Councilmembers receive notice of the Agenda Packet the Friday before the meeting. Exactly as the public does. At first glance that seems like a very generous amount of time to read the Packet, then ask the City for background information ahead of the actual meeting. But there are several catches. Or rather, rules that Councilmembers are expected to follow.

Rule #1: Timeliness.

The City Manager refuses to answer any emailed questions submitted after 4:30pm on Monday. I have sent messages time-stamped 4:33pm and they have been rejected it as ‘after close of business’.

Rule #2: No double dipsies!

In general, you’re only allowed one swing of the bat… ie. if I send a question on a topic and the answer is incomplete… there is often no opportunity to follow up.

In general, your information request is complete if the Administration says it’s complete. ie. if I send a question and the answer doesn’t cover what I asked about fully? Tough Noogies. There is no recourse.

Rule #3: Relevance

If the City Manager rules that a question in not directly germane to the current agenda he simply won’t answer it; or will prevent Staff from answering it. Happens all the time.

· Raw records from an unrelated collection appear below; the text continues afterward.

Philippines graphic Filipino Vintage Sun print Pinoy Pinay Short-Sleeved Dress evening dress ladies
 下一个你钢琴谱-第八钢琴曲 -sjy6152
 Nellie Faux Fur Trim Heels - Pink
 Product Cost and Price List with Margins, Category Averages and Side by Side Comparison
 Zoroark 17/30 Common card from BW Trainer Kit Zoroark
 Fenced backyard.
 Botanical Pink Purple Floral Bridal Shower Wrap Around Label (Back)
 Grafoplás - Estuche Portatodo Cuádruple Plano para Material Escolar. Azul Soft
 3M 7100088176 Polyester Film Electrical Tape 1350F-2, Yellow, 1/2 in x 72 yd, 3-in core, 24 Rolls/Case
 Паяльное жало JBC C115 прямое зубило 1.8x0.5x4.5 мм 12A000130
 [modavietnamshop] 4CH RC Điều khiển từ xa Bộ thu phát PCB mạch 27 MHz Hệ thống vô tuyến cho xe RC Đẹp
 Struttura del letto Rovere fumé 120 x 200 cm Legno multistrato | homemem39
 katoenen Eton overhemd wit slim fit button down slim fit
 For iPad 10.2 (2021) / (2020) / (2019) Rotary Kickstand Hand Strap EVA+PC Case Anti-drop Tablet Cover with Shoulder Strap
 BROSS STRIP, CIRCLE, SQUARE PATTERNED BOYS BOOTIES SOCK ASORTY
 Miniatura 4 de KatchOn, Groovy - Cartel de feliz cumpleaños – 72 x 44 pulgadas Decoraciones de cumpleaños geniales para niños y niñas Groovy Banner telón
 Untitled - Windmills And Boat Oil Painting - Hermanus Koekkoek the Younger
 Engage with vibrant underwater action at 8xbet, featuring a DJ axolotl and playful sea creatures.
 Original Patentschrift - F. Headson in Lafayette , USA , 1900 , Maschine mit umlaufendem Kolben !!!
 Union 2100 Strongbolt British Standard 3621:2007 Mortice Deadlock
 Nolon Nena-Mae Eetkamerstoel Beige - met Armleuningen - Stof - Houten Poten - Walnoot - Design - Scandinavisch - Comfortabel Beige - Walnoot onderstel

Rule #4: No contact with Staff

OK, this is, at least partly, in the State RCW. There is this admonition to Councilmember to not interfere with the City Manager or the Staff. I’ve gone into this many times because it’s so important. But for now I’ll just stress that it is really open to interpretation. And the current Administration interprets it to mean that no Councilmember should ever have one on one meetings with Staff. The only contact a Councilmember may have with Staff is by the explicit permission of the City Manager.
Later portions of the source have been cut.